_Aim of the exercise_
In your copy of the data, include no pictures and alter nothing else.

_Provided material_
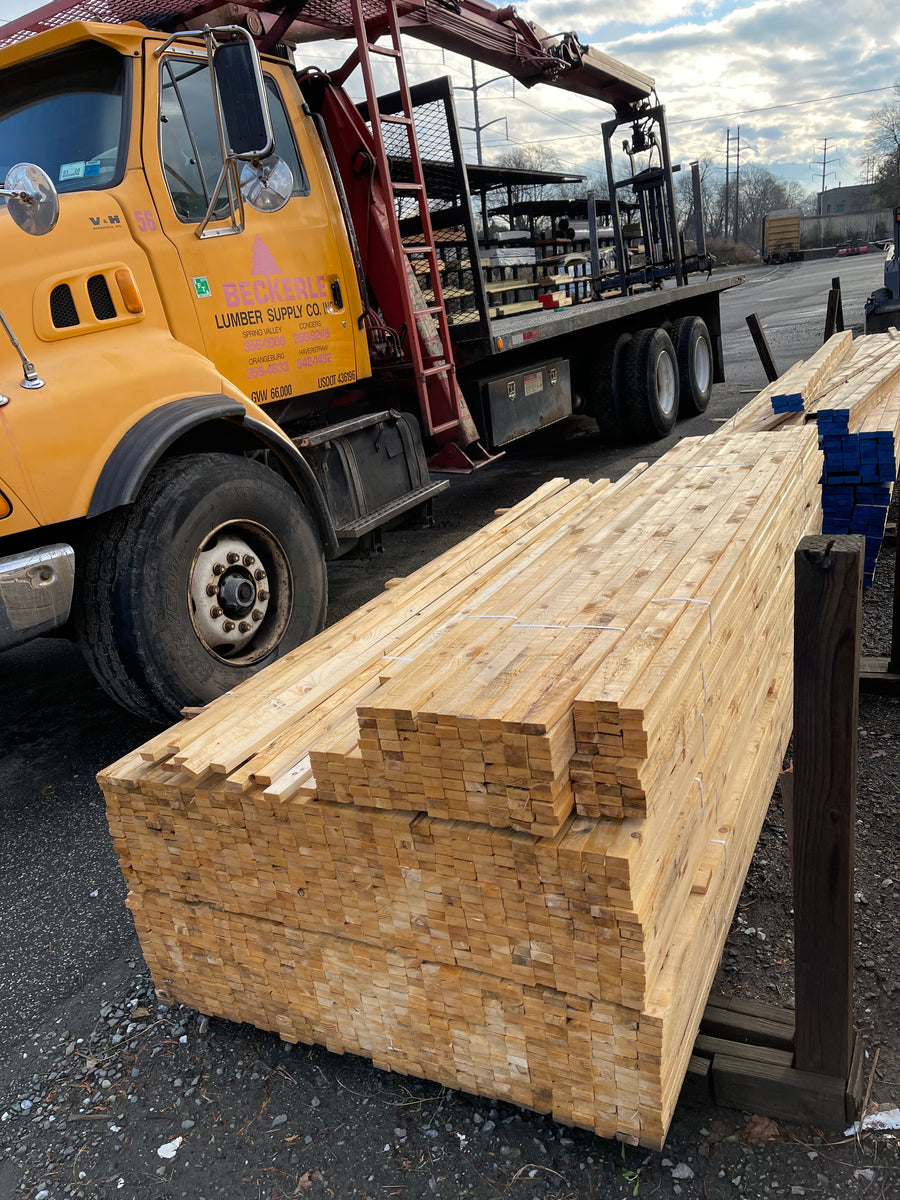 128S 1X2 8' SPRUCE FURRING – Beckerle Lumber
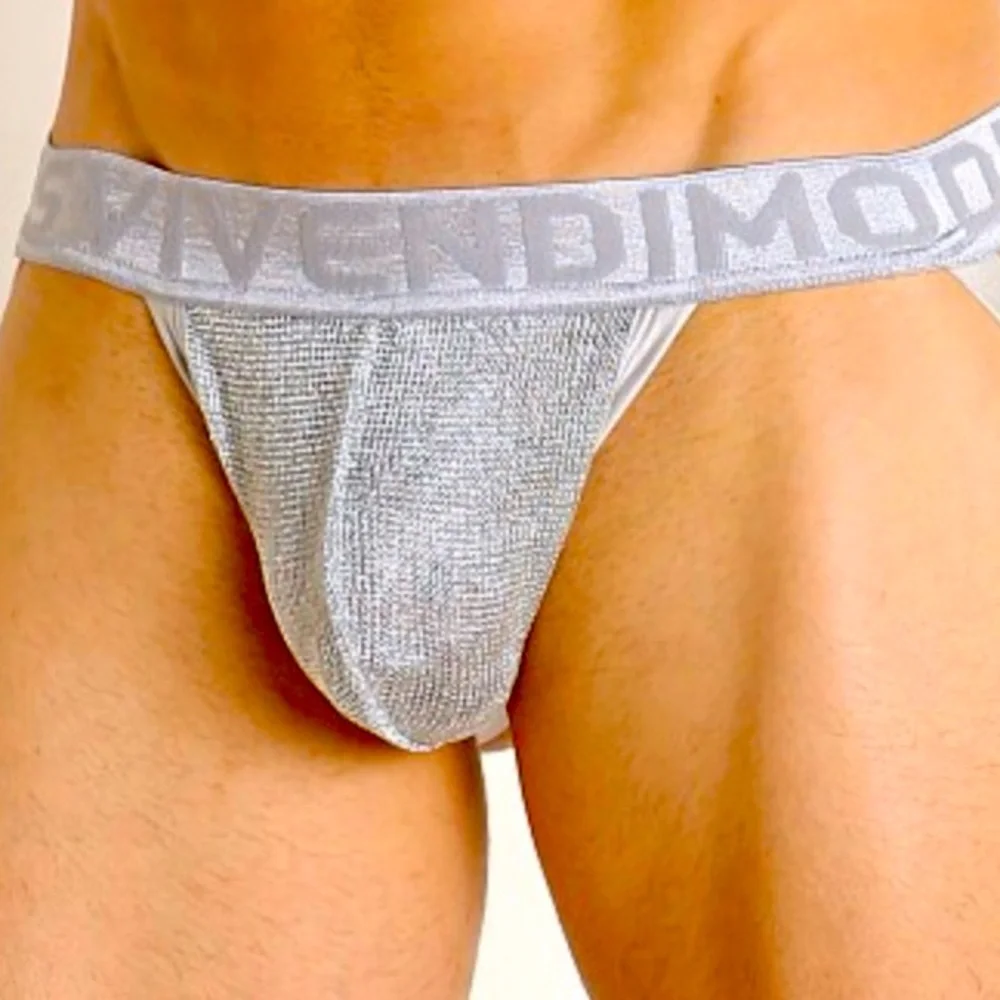 Modus Vivendi Armour Line Mesh Jockstrap Silver - Picture 1 of 3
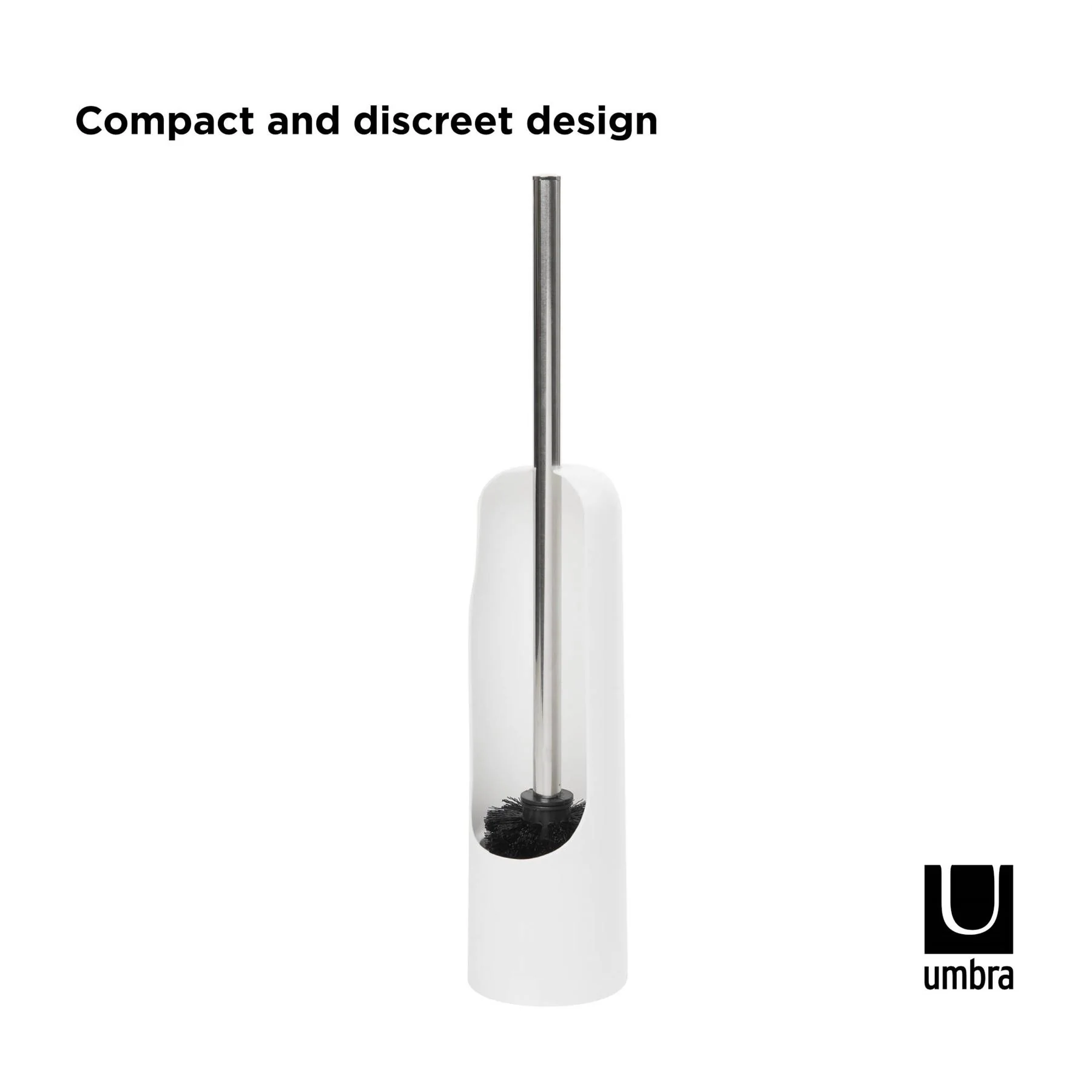 Umbra Touch Compact & Sleek Toilet Brush - Image 15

_Exercise response_
 128S 1X2 8' SPRUCE FURRING – Beckerle Lumber
 Modus Vivendi Armour Line Mesh Jockstrap Silver - Picture 1 of 3
 Umbra Touch Compact & Sleek Toilet Brush - Image 15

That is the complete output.